A few months before the pandemic hit, the University of Massachusetts Boston conducted a survey of the early education and care workforce.
The survey results are a pre-pandemic snapshot of a shaky situation that policymakers can use to understand the toll that the pandemic has taken on providers.
“The COVID-19 pandemic has demonstrated that early care and education is a key piece of infrastructure for the economy,” Anne Douglass, the executive director of UMass Boston’s Institute for Early Education Leadership and Innovation, says in a blog post. “Parents need early care and education options that are high quality and affordable because when child care isn’t available, parents can’t work.”
The institute released a report on the survey results along with UMass Boston’s Center for Women in Politics and Public Policy and its Center for Social Policy. The survey was commissioned by the Department of Early Education and Care.
One important lesson from the survey, Douglass says, is that “returning to pre-pandemic ways of doing business is not an option.”
That’s because even before COVID-19, early childhood providers faced significant financial distress. Low salaries and financial instability of programs are the norm. The field is also facing a “silver tsunami,” the report says, “with about 20% of Center Directors and Family Child Care Providers” reporting that retirement is on their horizon.
And while the workforce is diverse, providers of color tend to be clustered in lower-paying positions. Specifically, the report notes, “Fourteen percent of Center Educators and 8% of Family Child Care Providers identified as Black or African American, compared to 4% of Center Directors. These findings may point to systemic factors in career advancement… The majority of each workforce group identified as White, at 66% of Center Educators, nine out of ten Center Directors, and 73% of FCC Providers.”
The survey also found good news. As Douglass and Christa Kelleher, the research and policy director at the Center for Women in Politics, explain in a CommonWealth magazine article, “leaders in the workforce are drawing on deep experience to do their work. Over half of family child care providers and 67 percent of the directors of child care centers have more than 16 years’ experience in the field.”

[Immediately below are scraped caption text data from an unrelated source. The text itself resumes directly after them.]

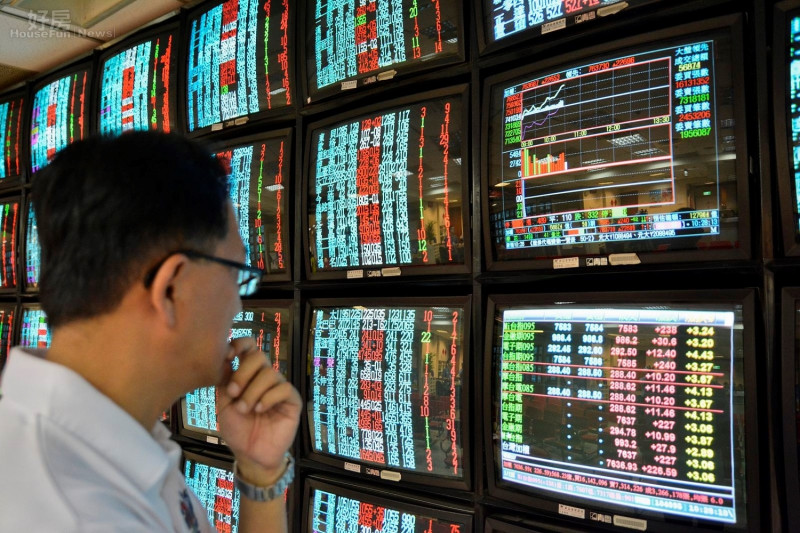 台北股市今天開低走高，收盤漲239.7點，為10045.81點，漲幅2.44%。   圖 : 新頭殼資料照片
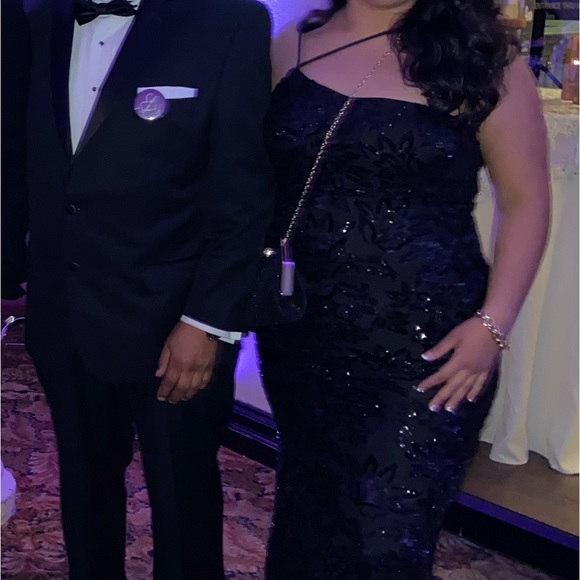 Windsor Black sequins gown - Picture 5 of 7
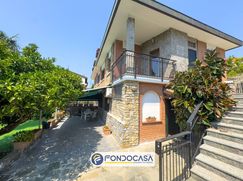 Casa Bi/Trifamiliare in Residenziale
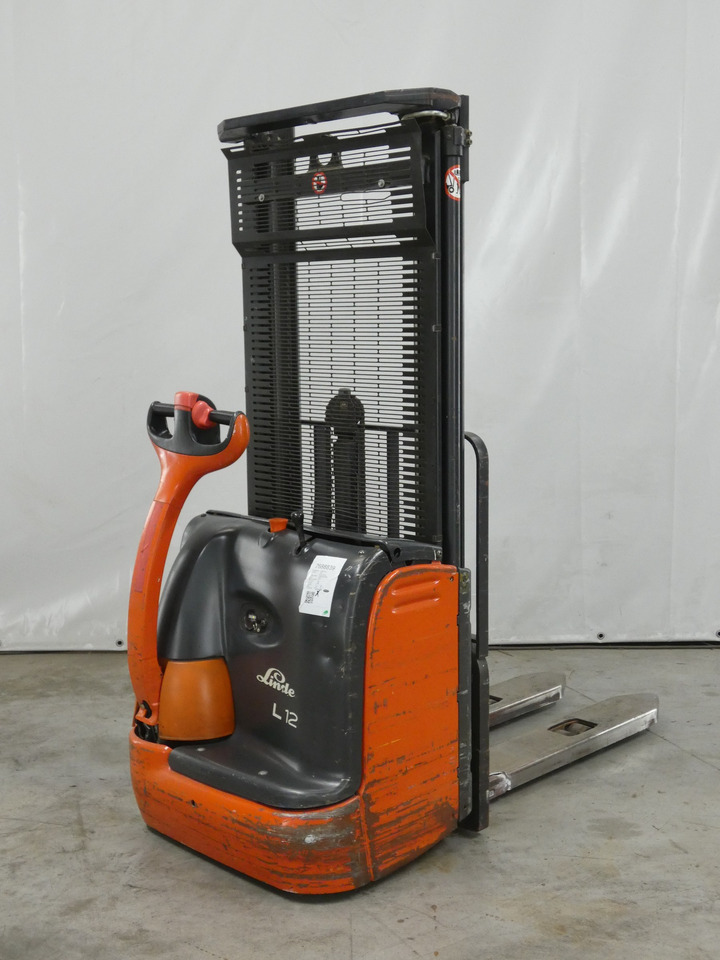 Linde L12 - Apilador: foto 2 Linde L12 - Apilador: foto 2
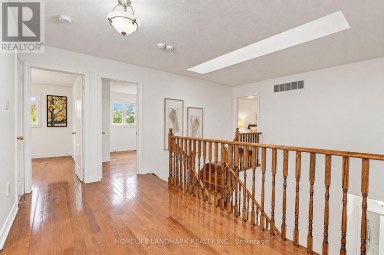 124 SHAFTSBURY AVENUE Richmond Hill (Westbrook) Ontario photo 42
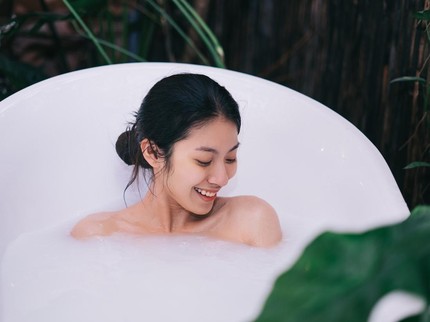 7 Kebiasaan Wanita saat Mandi yang Bisa Membahayakan Tubuh, Jangan Anggap Remeh!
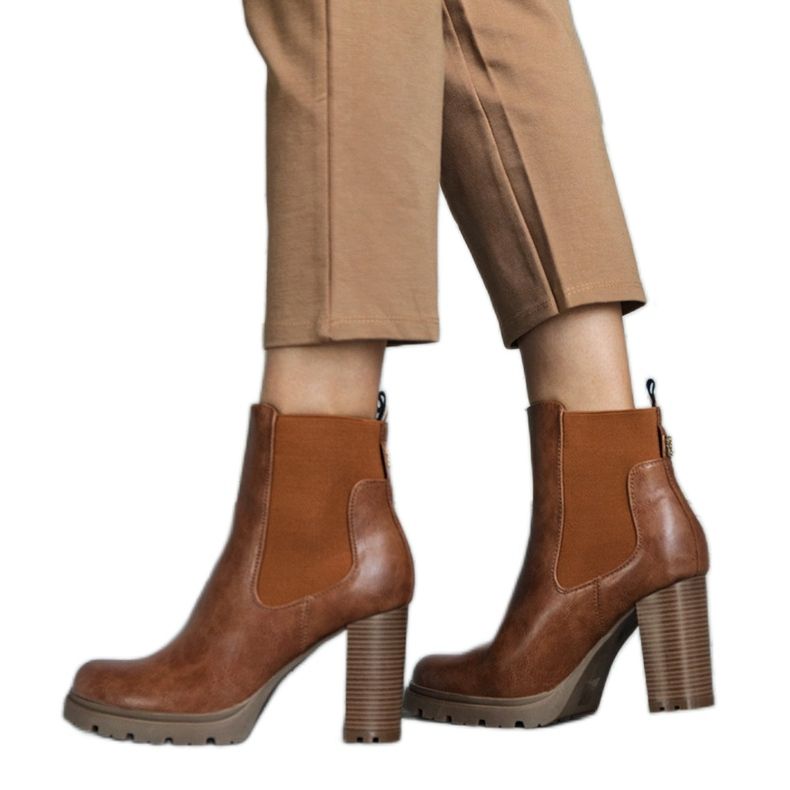 Barna felbújós bokacsizma Motena ökobőrből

In addition, “there is strong interest among early educators at every level of the field to further their expertise. A majority of center directors (58 percent) and more than one-third of family child care providers (39 percent) and those who teach at centers (36 percent) want to earn a degree or attain a higher one if they already had a degree.”
Federal action could also help rebuild the workforce. A key step would be passing into law Massachusetts Representative Katherine Clark’s bill calling for a $50 billion bailout of the child care sector.
It’s also vital, Douglass and Kelleher say, for policymakers to work closely with early childhood providers to develop innovative policy reforms.
“Another change we might expect to see if early educators were at the policy planning table is an expansion of leadership development opportunities to all educators. Many of the early childhood education leadership development programs across the country are designed for current program directors,” Douglass and Kelleher note in their article, adding:
“A recent report on early care and education leadership development programs found that most programs unintentionally reinforce existing inequities by limiting their availability to center directors and other administrative leaders. As a result, a majority of black, African American, Hispanic/Latinx, and Asian educators now working in the field cannot access these programs. This not only creates barriers to advancement into more highly compensated leadership positions but diminishes the capacity of educators of color to serve as role models and influencers as leaders in this vital field.”
The survey makes it clear, that as the country moves through the pandemic, stabilizing and investing in the early childhood workforce and addressing its racial inequities is essential. It’s the only way to stabilize the lives of young children and restore economic prosperity.